Analizde ilk 50 emisyon dengeleme projesinin 39'u (yüzde 78), vaat edilen emisyon kesintilerini baltalayan bir veya daha fazla temel hatadan dolayı "tamamen etkisiz" veya "değersiz" olarak kategorize edilmişti.
Ayrıca diğer 8 projenin (yüzde 16) de en azından bir temel kusura sahip olabileceği ve potansiyel olarak etkisiz sınıflandırılabileceğini gösteren kanıtlara ulaşılmıştı. Geriye kalan üç projenin (yüzde 6) etkinliği ise kesin olarak belirlenememişti çünkü kredilerin kalitesinin ve/veya iklim faydalarının doğruluğunun yeterli şekilde değerlendirilmesini sağlayacak bağımsız ve kamusal veri mevcut değildi.

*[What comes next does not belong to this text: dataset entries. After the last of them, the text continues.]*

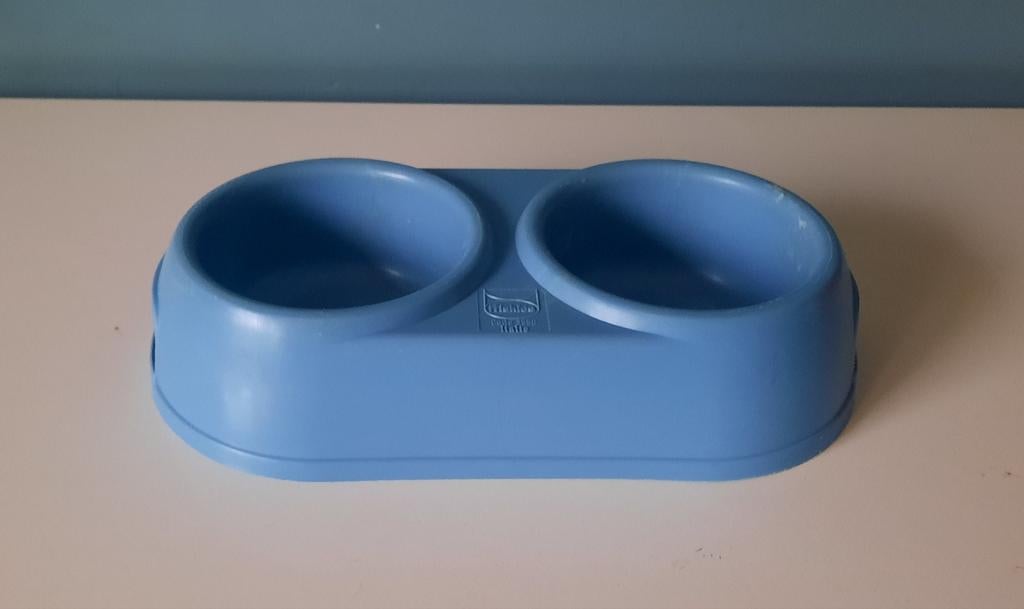 Gamelle double pour chat et chien, Animaux & Accessoires, Enlèvement ou Envoi, Utilisé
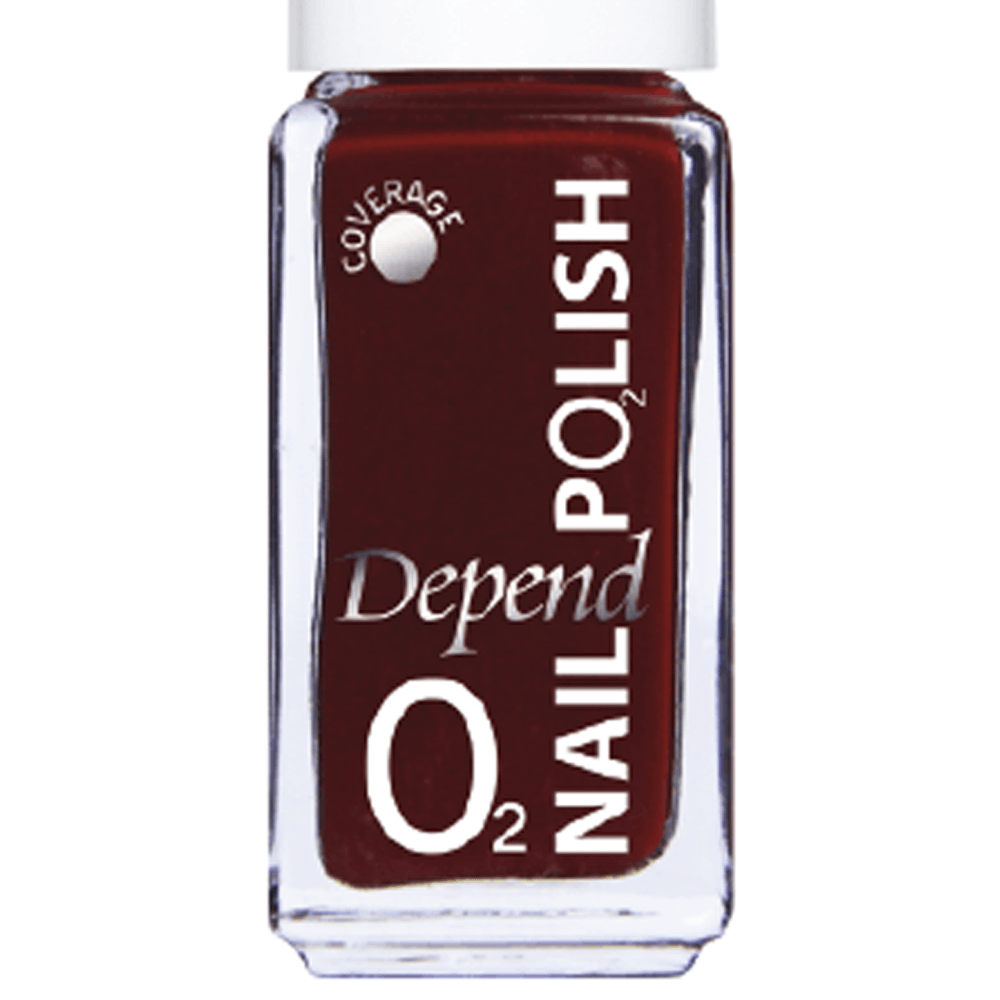 Depend Esmalte O2 Bloody Red A534-1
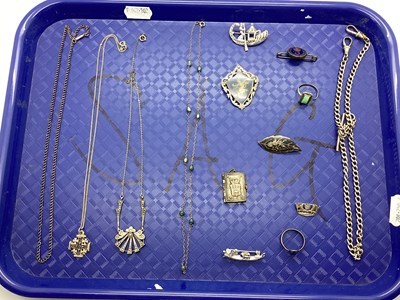 Lot 183 - A Collection of "925" and Other Jewellery, to...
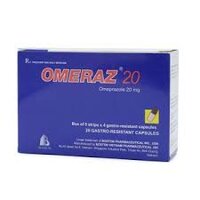 Omeraz 20mg ( Omeprazol) H/20 viên Boston Việt Nam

Söz konusu araştırma kapsamında muhtemelen etkisiz veya değersiz olarak sınıflandırılan projeler üzerinden bugüne kadar 1,16 milyar dolar karbon kredisi ticareti yapıldığı belirtiliyor.
Muhalefet: 'Adı iklim, içeriği ticaret'
Kanun teklifi muhalefet partileri ve iklim örgütleri tarafından "ticari amaçlı hazırlandığı" gerekçesiyle eleştiriliyor. Özellikle küçük işletmelere getireceği mali yük ve iklim derneklerinin sürece katılımının sağlanmaması nedeniyle tartışılıyor.
CHP Mersin Milletvekili Ali Mahir Başarır, "Gerçekten bir iklim kanununa ihtiyacımız var; ama üniversitelerin, çevre örgütlerinin, yerel yönetimlerin ortak aklıyla hazırlanmış bir yasaya. Bu sözde 'İklim Kanunu', sadece beş yandaş firmanın çıkarı için getiriliyor," eleştirisinde bulundu.
Başarır, "Cumhuriyet Halk Partisi olarak bu kanunu reddediyoruz!" diye ekledi.
Saadet Partisi Hatay Milletvekili Necmettin Çalışkan ise, "Adı 'iklim', içeriği ticaret olan; orman yangınlarına, zirai dona, kuraklık sorununa hiçbir çözüm sunmayan; doğanın ve milletimizin çıkarına değil, sermayenin menfaatine hizmet edecek bu düzenlemeye red oyu verdik," ifadelerini kullandı.
TEMA Vakfı'nın X hesabından yapılan açıklamada da, "Kaybeden insan ve doğa oldu," ifadelerine yer verildi. Yasayı "İklim Kanunu" olarak görmediklerini, bu yasayla "emisyon ticaret sistemi düzenlendiğini" dile getiren vakıf, şöyle ekledi: "Emisyon azaltımı, fosil yakıtlardan çıkış, adil geçiş planı, uyum politikaları ve gelirlerin toplum yararına kullanımı gibi kritik unsurları içermeyen ve iklim krizine bütüncül yaklaşmayan bu yasanın Anayasa Mahkemesi'nden dönmesini umut ediyoruz."